ICAM-1 and Sdc1 are differentially expressed in Dcn−/− mice during DTH
Extravasation is a complex process, which requires sequential steps of leukocyte adhesion to endothelial cells followed by release of leukocytes. The cell surface adhesion molecules ICAM-1 and SDC1 are known to be involved in the multistep leukocyte adhesion cascade (3, 4). Therefore, expression of ICAM-1 was evaluated by qPCR (Figure 3A; n=3–5). No significant differences in ICAM-1 mRNA expression were observed between wild-type and Dcn−/− mice. In unstimulated control ears, ICAM-1 protein was not detectable by immunohistochemistry for both genotypes, however, 24 h after elicitation Dcn−/− ears express more ICAM-1 protein (supplementary figure 2). This observation was confirmed by Western blotting: While ICAM-1 expression increased in wild-type mice during the DTH response, as expected, oxazolone-treated ears of Dcn−/− mice showed an even stronger increase compared to wild-type (Figure 3B,C). ICAM-1 levels in the plasma were also increased in Dcn−/− mice compared to wild-type (Figure 3D).
Syndecan-1 is an adhesion molecule with anti-inflammatory properties (9), which has recently been identified as a novel modulator of DTH responses (8). Analysis of Sdc1 mRNA expression showed that the basal level in Dcn−/− mice was about two-fold higher than in wild-type ears (Figure 4A;, n=3–5, P <0.05). In oxazolone-treated ears of Dcn−/− mice the expression of Sdc1 mRNA was significantly increased after 24 h compared to wild-type (Figure 4A; n=3–5; P <0.05). In accordance with previous reports (4, 38, 39), Sdc1 is highly expressed in the epidermis, but also leukocytes were labeled for SDC1 in Dcn−/− and wild-type mice (Figure 4B, arrows and 4C). Within the DTH time course, Dcn−/− ears showed at 24h a significantly increased amount of SDC1-positive leukocytes compared to wild-type (Figure 4C; n=5; P < 0.001). Forty-eight hours after oxazolone application most of the SDC1 signal disappeared in Dcn−/− and wild-type leukocytes (data not shown). Thus, differentially increased expression of the adhesion molecules Icam1 and Sdc1 in the DTH time course may contribute to the increased leukocyte numbers in the Dcn−/− blood vessels.

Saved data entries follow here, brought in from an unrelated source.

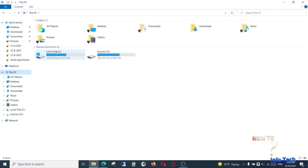First, check the storage size in the system partition and make sure there is enough space.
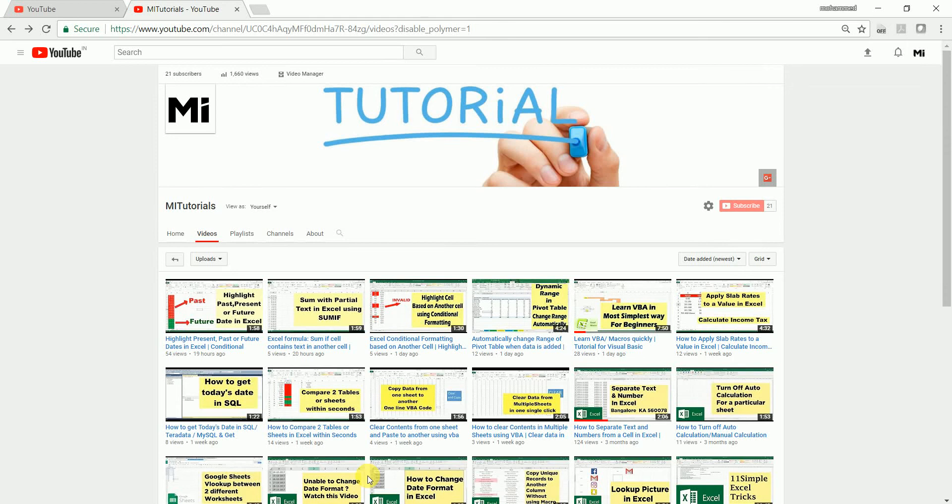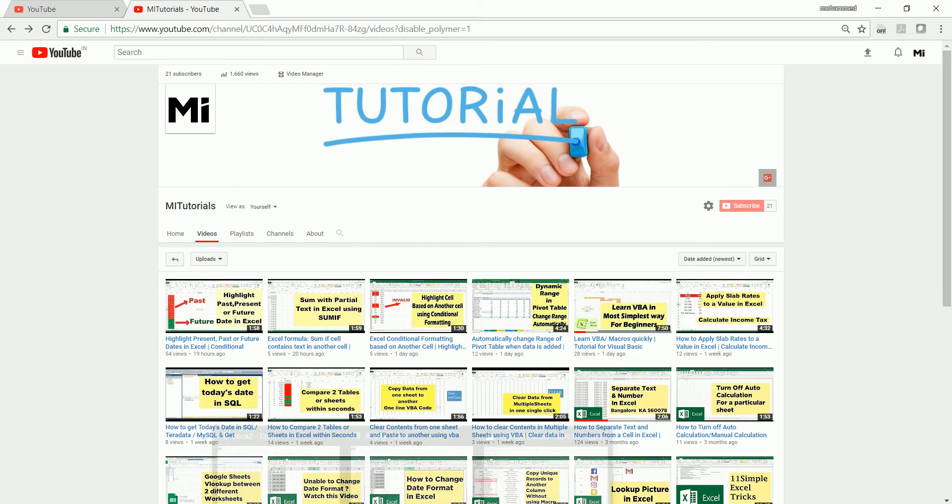Hi guys, welcome back to my channel MITutorial. If you're new to this channel please consider subscribing. I post a lot of Excel tutorials which will help you in your day-to-day job.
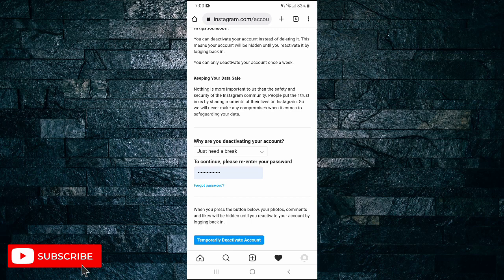Then you have to confirm yes or no. And then your account will be temporarily deactivated. And that's what it takes to deactivate your Instagram account.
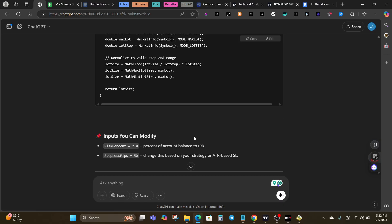So that is how to create an MT4 expert advisor with ChatGPT. Drop your favorite strategy in the comments and let's see if we can turn it into an EA together. Don't forget to like, subscribe, and share this video with someone who is still manually trading all day. More automated trading content is dropping soon — stay locked in. I wish you a very successful trading.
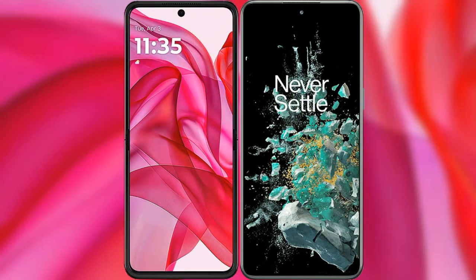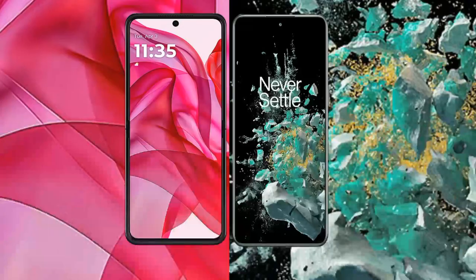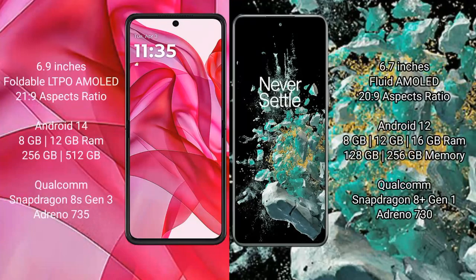I will compare the new Motorola RAZR 50 Ultra with OnePlus 10T. The Motorola RAZR 50 Ultra comes with a 6.9-inch foldable LTPO AMOLED display and Snapdragon 8s Gen 3 processor. The OnePlus 10T has a 6.7-inch flat AMOLED display and Snapdragon 8 Gen 1 processor.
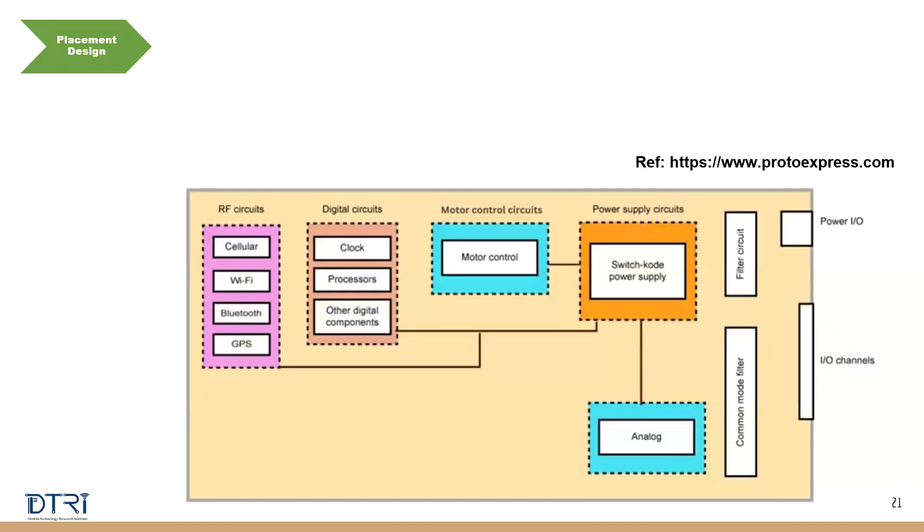So if you look at this picture compared to the previous picture. So once you have said that, okay, this is my analog circuit, digital circuit and all that. So go to the next level.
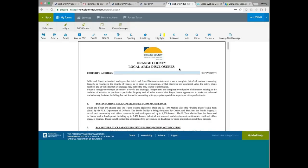As you can see, it's an Orange County Association of Realtors form, and you got the property address.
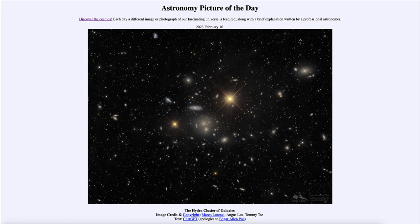Those objects of similar brightness that do not show this diffraction pattern are galaxies. So much of what we see here are galaxies within this cluster.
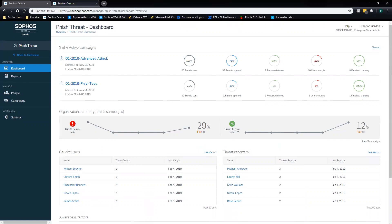If you're testing your users as frequently as you should be — we typically recommend at least once a month if possible, or worst case once a quarter — this section is very useful. In this case, my click-to-open ratio is 29%, which is fair, and my report-to-open ratio is 12%, so some room to work there. The more campaigns you launch, the better users get and the more suspicious they become — you'll see that click rate go lower and the report rate go higher.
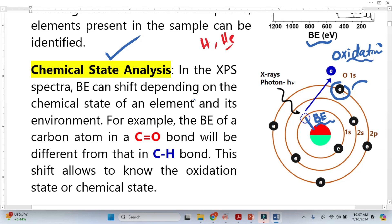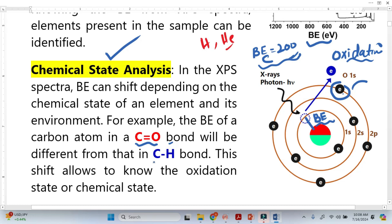So the binding energy provides clear information about the chemical state of the atom. For example, we have a binding energy for carbon of, let's suppose, 200 electron volts. When we see a shift in this binding energy, we think there might be some bonding, some transfer of electrons, some change in oxidation state. For instance, carbon attached with oxygen gives a carbon-oxygen bond, while in another case there is a carbon-hydrogen bond. This change in binding energy is basically called chemical shift, and we say the binding energy provides information about the chemical state or oxidation state of the atom or element.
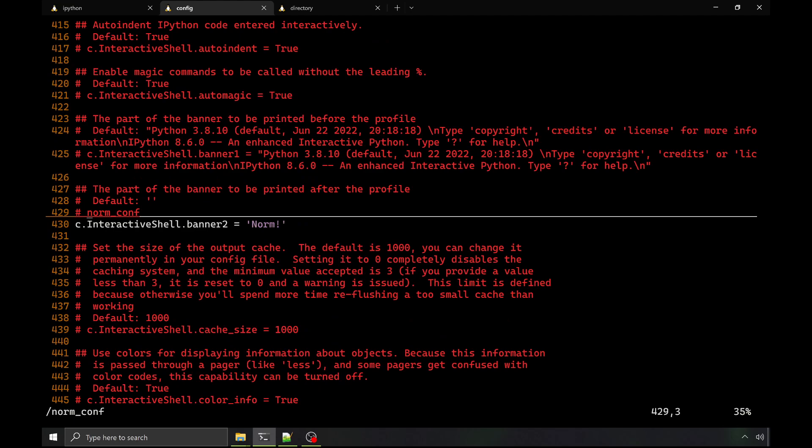We also see later in the config where that default banner is defined, and you can specify a subsequent banner. And that's where that norm string came from.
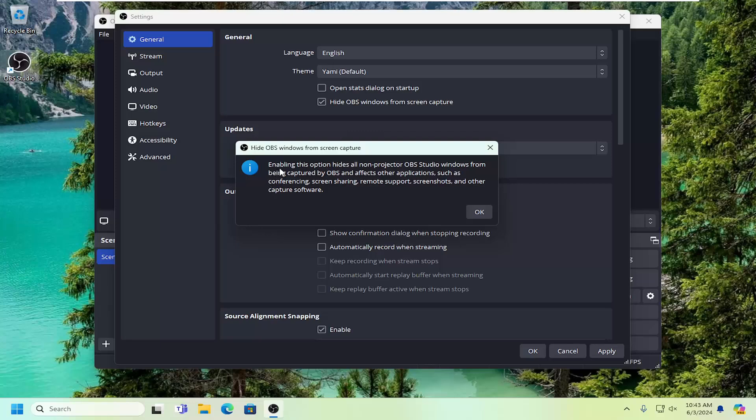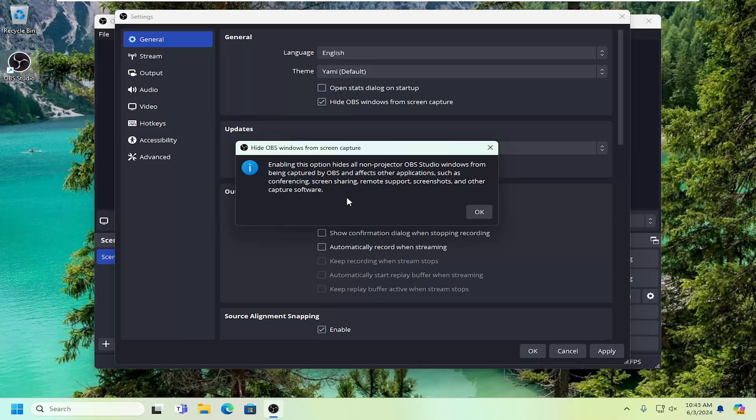Now we'll read that: enabling this option hides all non-projector OBS Studio windows from being captured by OBS and affects other applications such as conferencing, screen sharing, remote support, screenshots, and other capture software.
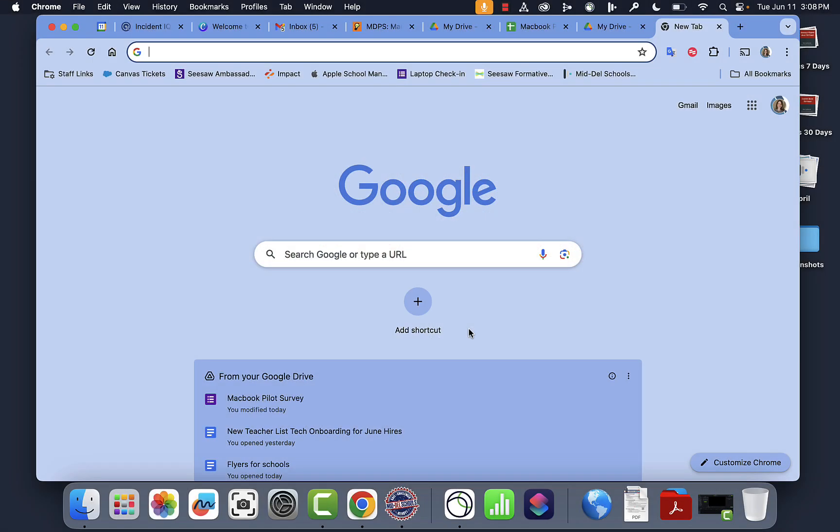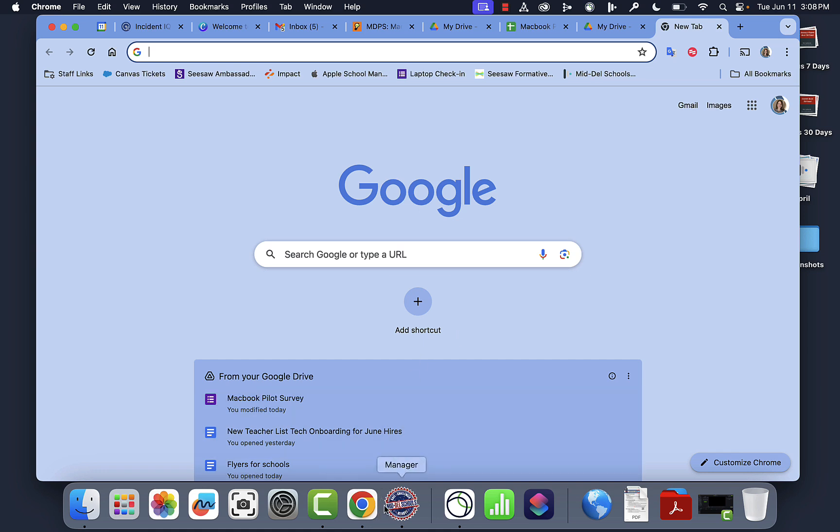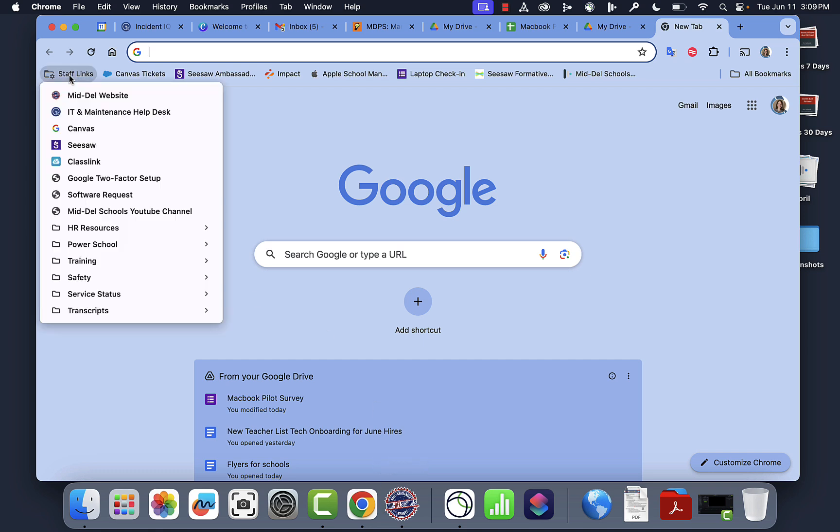Hello. Okay, so this is how you make a website into an application on your dock so you can save a website into your dock. I've had several administrators and teachers ask about this, so here we go. We're going to start by going to Staff Links and choosing PowerSchool just because I want PowerSchool in my dock.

Cytokine expression is dysregulated in Dcn−/− mice during DTH
Keratinocyte chemoattractant (KC, CXCL-1) is an early response gene expressed by keratinocytes, monocytes and macrophages. CXCL-1 expression is upregulated by cutaneous contact with allergens (40), and its synthesis can be induced by the pro-inflammatory cytokine TNF-α in keratinocytes (41), leukocytes (30) and during DTH in mice (42). ELISA data showed that KC was upregulated in the DTH time course peaking at 24 hours after DTH. Although Dcn−/− mice showed a lower degree of upregulation compared to wild-type controls, this difference was not significant (Figure 5A). Furthermore, we analysed Ccl2 mRNA expression and obtained for both genotypes a similar increase (supplementary figure 3A). Moreover, lymph nodes were analysed for the occurrence of CD4+ and CD8+ cells by flow cytometry (supplementary figure 3B,C). After sensibilization the amount of CD4+ and CD8+ cells was not significantly different in wild-type and Dcn−/− lymph nodes (supplementary figure 3B,C). In contrast, basal TNF-α levels in Dcn−/− mice were significantly lower compared to wild-type controls (Figure 5B).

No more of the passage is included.